Thank you very much.
Best regards.

Comments

  • Jeffrey_Tippet_[MSFT]Jeffrey_Tippet_[MSFT] Member - All Emails Posts: 545

    We don't really support LWFs doing manual loopback of packets. Layer-2 loopback is rarely used -- basically it's there just for Wireshark -- so it's not something that we've spent a lot of time adding features for.

    TCPIP itself doesn't filter out loopback NBLs. Instead, NDIS typically does this by checking the protocol's packet filter (OID_GEN_CURRENT_PACKET_FILTER).

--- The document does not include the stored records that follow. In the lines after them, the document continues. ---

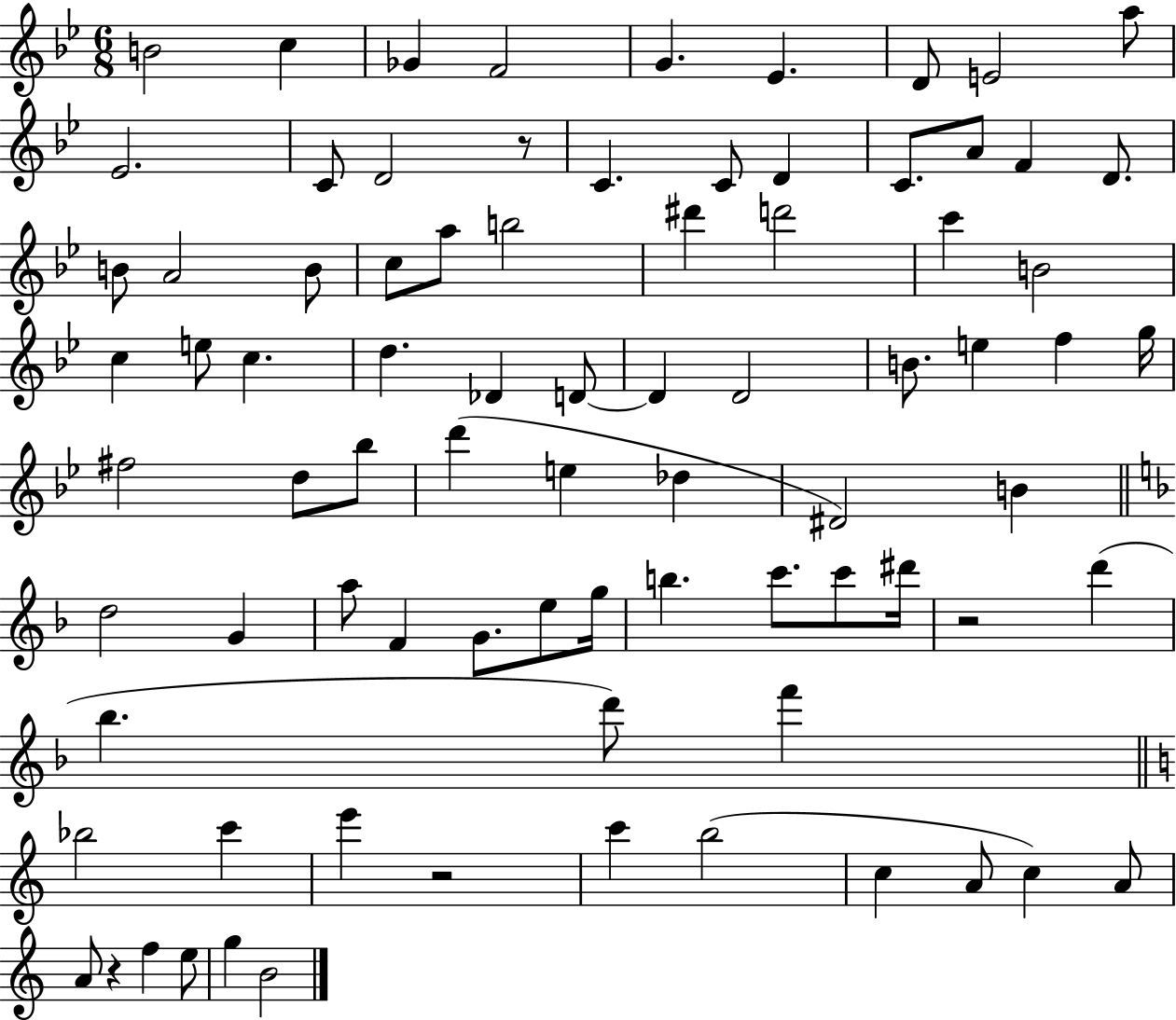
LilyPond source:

{
  \clef treble
  \numericTimeSignature
  \time 6/8
  \key bes \major
  b'2 c''4 | ges'4 f'2 | g'4. ees'4. | d'8 e'2 a''8 | \break ees'2. | c'8 d'2 r8 | c'4. c'8 d'4 | c'8. a'8 f'4 d'8. | \break b'8 a'2 b'8 | c''8 a''8 b''2 | dis'''4 d'''2 | c'''4 b'2 | \break c''4 e''8 c''4. | d''4. des'4 d'8~~ | d'4 d'2 | b'8. e''4 f''4 g''16 | \break fis''2 d''8 bes''8 | d'''4( e''4 des''4 | dis'2) b'4 | \bar "||" \break \key d \minor d''2 g'4 | a''8 f'4 g'8. e''8 g''16 | b''4. c'''8. c'''8 dis'''16 | r2 d'''4( | \break bes''4. d'''8) f'''4 | \bar "||" \break \key a \minor bes''2 c'''4 | e'''4 r2 | c'''4 b''2( | c''4 a'8 c''4) a'8 | \break a'8 r4 f''4 e''8 | g''4 b'2 | \bar "|."
}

The specific rules are somewhat complex, but there are cases where, if the TCPIP open is in promiscuous mode, then NDIS indicates all NBLs to it, including loopbacks. When this happens, TCPIP will discard the NBLs because of the destination address, not just because the loopback flag is set on them. (Arguably, TCPIP should check the loopback flag and discard such NBLs, but that would introduce a small perf hit to everyone for a scenario that is rarely used and which typically takes care of itself thanks to the destination address.)

    If you're just trying to see packets in Wireshark, you could hide them from TCPIP by, for example, inserting a fake VLAN header. TCPIP won't parse it then, but Wireshark will.